そのとき橋梁ヘクスサイドを持つ両ヘクスに敵部隊がなく、敵ZOCでないことが条件。
味方部隊のZOCは敵ZOCを打ち消す。
上記条件が満たされなくなったら修復中マーカーを除去する。
連合軍移動フェイズ開始時点で修復中マーカーがある橋梁は修復完了とみなす。早い!
修復された橋梁は二度と爆破されない。爆破するために準備するのに時間がかかるからこのルールは納得。
渡河支援
連合軍移動フェイズ開始時に大河ヘクスサイドに連接している架橋工兵部隊は、それが接していて敵ZOC外の大河ヘクスサイドでのうち、いずれか1ヘクスを渡河可能ヘクスサイドと指定でき、渡河支援マーカーを置く。
渡河可能ヘクスサイドを横断できるのは連合軍パラシュート部隊とグライダー歩兵のみ。追加3移動力。架橋工兵自身は渡河不可
1フェイズに2個部隊までが横断可能
渡河支援中の架橋工兵部隊は移動不可
渡河攻撃支援
敵部隊との間にある大河ヘクスサイドであっても渡河可能ヘクスサイドにできる。
次の戦闘フェイズでスタックしている他自軍部隊を持って対岸の敵部隊に対して渡河攻撃させることができる。
防御部隊の地形効果レベル=現在その部隊がいるヘクスの地形効果レベル+2
攻撃部隊の地形効果レベル=現在その部隊がいるヘクスの地形効果レベル+1
戦闘後前進は攻撃側のみ1ヘクスだけ実施可能
独軍は連合軍架橋工兵によるとか可能ヘクスサイド越しの攻撃不可
連合軍パラシュート部隊とグライダー歩兵のみ
■航空支援
連合軍のみ航空支援ポイントが与えられる
航空支援ポイントはAMまたはPMターンに使用可。
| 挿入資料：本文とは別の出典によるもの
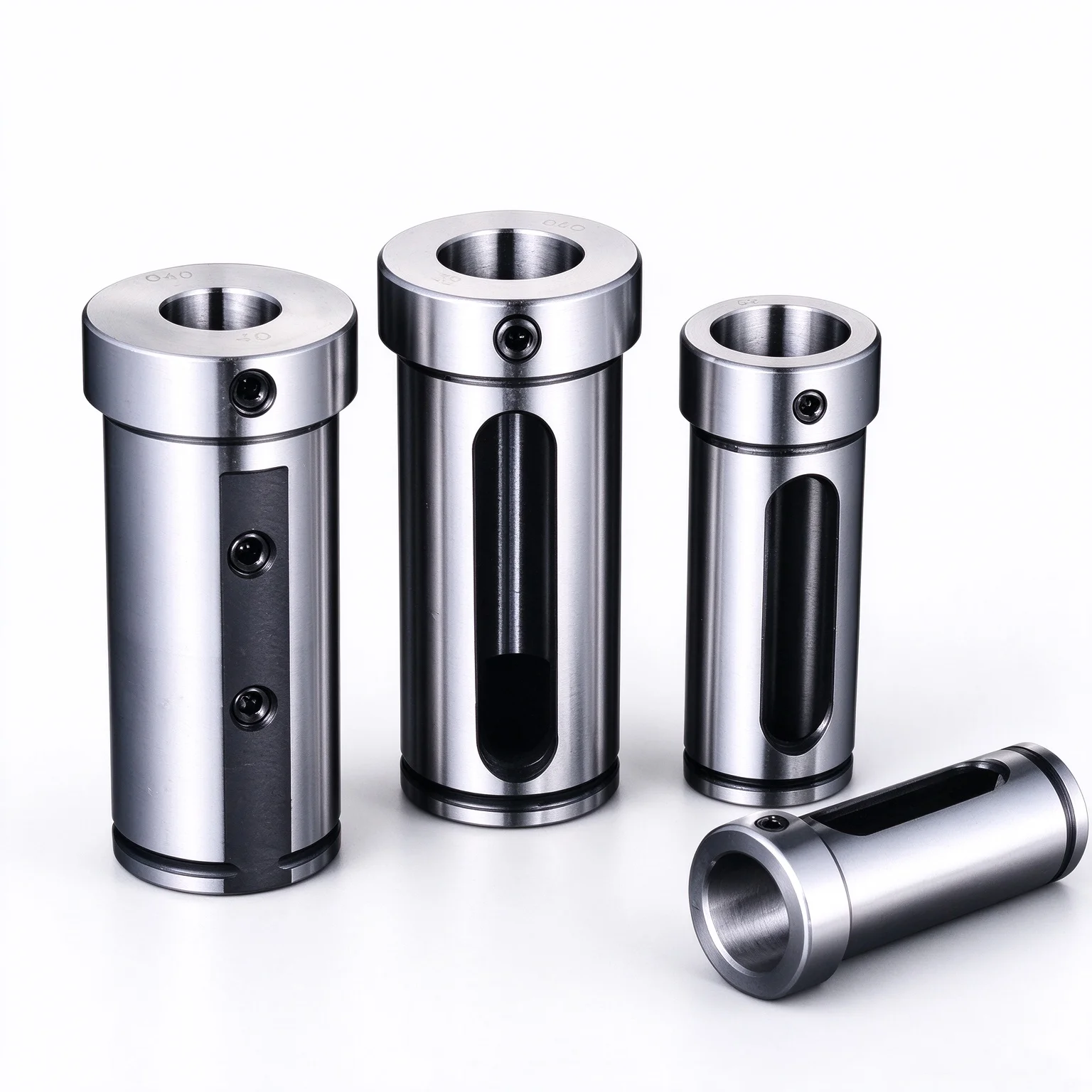 D20 D25 D32 D40 Shock-absorbing Tool Sleeve/reducing Sleeve CNC Lathe Guide Sleeve/inner Hole Turning Tool Holder Tool Sleeve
夜間ターン使用不可。
支援ポイント数分だけマーカーを受け取る。
1航空支援ポイントを戦闘に参加させることで1コラムずれる。
未使用ポイントの翌日への持ち越し不可
1戦闘に2ポイントまで
最低1部隊の英第30軍団所属部隊が関与する戦闘にのみ使用可能
■特別ルール
1944年9月17日PMターンの連合軍空挺部隊が参加する攻撃は1コラム右にずらす。
1944年9月17日PMターンのドイツ軍でNeder-Rijn河以北の部隊は移動不可。
増援として上場する9SS Reconはヘクス7711に現れ、1級道路沿いにヘクス5914まで移動する。その前に敵部隊に隣接したらそこで停止する。
1944年9月17日PMターンのドイツ軍部隊の攻撃は2コラム左へずらす。
『タクテクス』(TACTICS)誌の下記号に記事が出ている。
No.6(1982/11) p.16 ヒストリカル・ノート
No.6(1982/11) p.68 ゲーム紹介記事
No.10(1983/7) p.107 Q&A
No.14(1984/3) p.50 連合軍作戦研究
■感想
ゲーム・ルールは、地形効果レベルを使った戦闘はオリジナルだが、作戦級ゲームの基本に沿ったものだ。作戦級ゲームの王道に沿ったものだ。
どのシナリオも面白そうだし、キャンペーンシナリオも面白そうだ。